WHAT IS REQUIRED
Would you return the lines between the one holding "Centro de Mesa" and the one holding "Pé De Borracha", inclusive, and only those, exactly as they stand in the listing below?

SOURCE RECORDS
=-=-=

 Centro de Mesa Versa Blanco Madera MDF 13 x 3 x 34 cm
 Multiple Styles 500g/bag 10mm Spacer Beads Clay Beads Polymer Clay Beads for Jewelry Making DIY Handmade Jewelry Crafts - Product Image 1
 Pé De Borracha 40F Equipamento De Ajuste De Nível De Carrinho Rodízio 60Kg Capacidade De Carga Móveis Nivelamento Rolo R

=-=-=

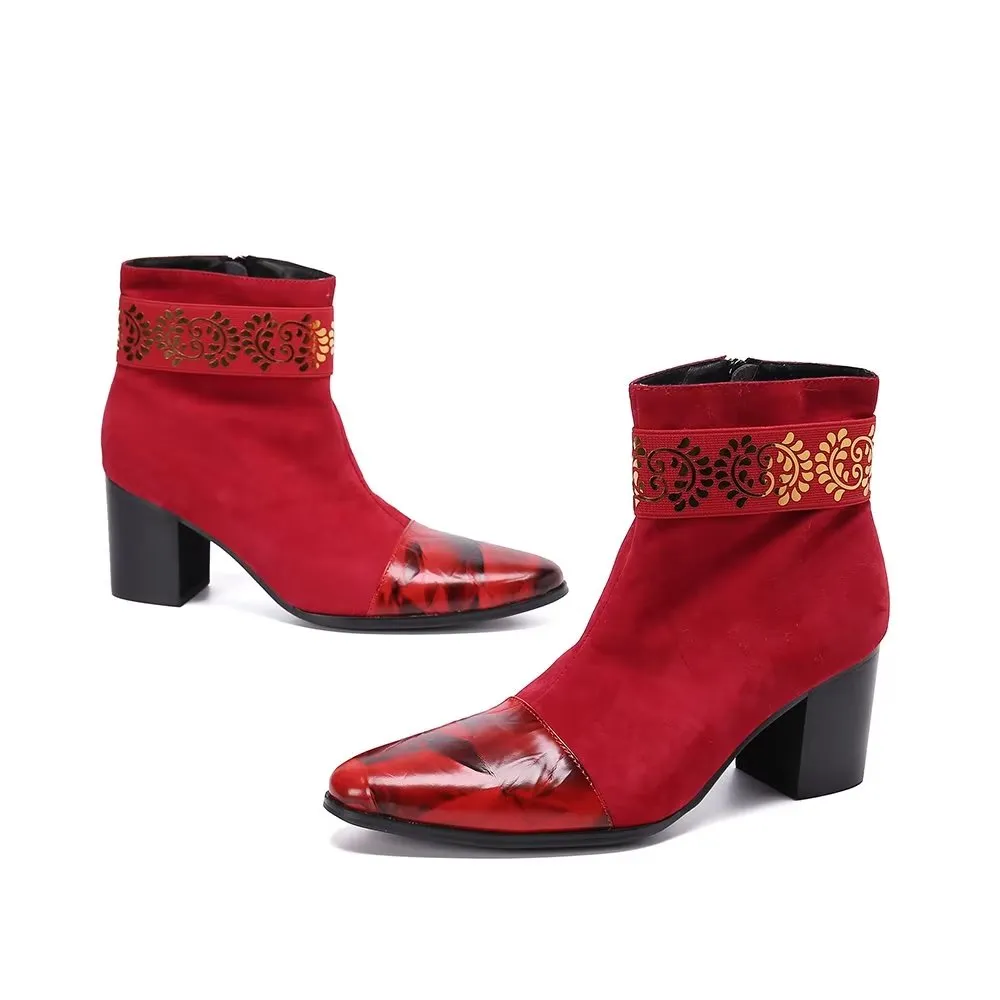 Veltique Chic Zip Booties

=-=-=

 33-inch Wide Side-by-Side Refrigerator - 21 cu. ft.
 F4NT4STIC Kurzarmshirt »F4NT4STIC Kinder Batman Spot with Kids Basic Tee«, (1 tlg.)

=-=-=

TASK ANSWER
 Centro de Mesa Versa Blanco Madera MDF 13 x 3 x 34 cm
 Multiple Styles 500g/bag 10mm Spacer Beads Clay Beads Polymer Clay Beads for Jewelry Making DIY Handmade Jewelry Crafts - Product Image 1
 Pé De Borracha 40F Equipamento De Ajuste De Nível De Carrinho Rodízio 60Kg Capacidade De Carga Móveis Nivelamento Rolo R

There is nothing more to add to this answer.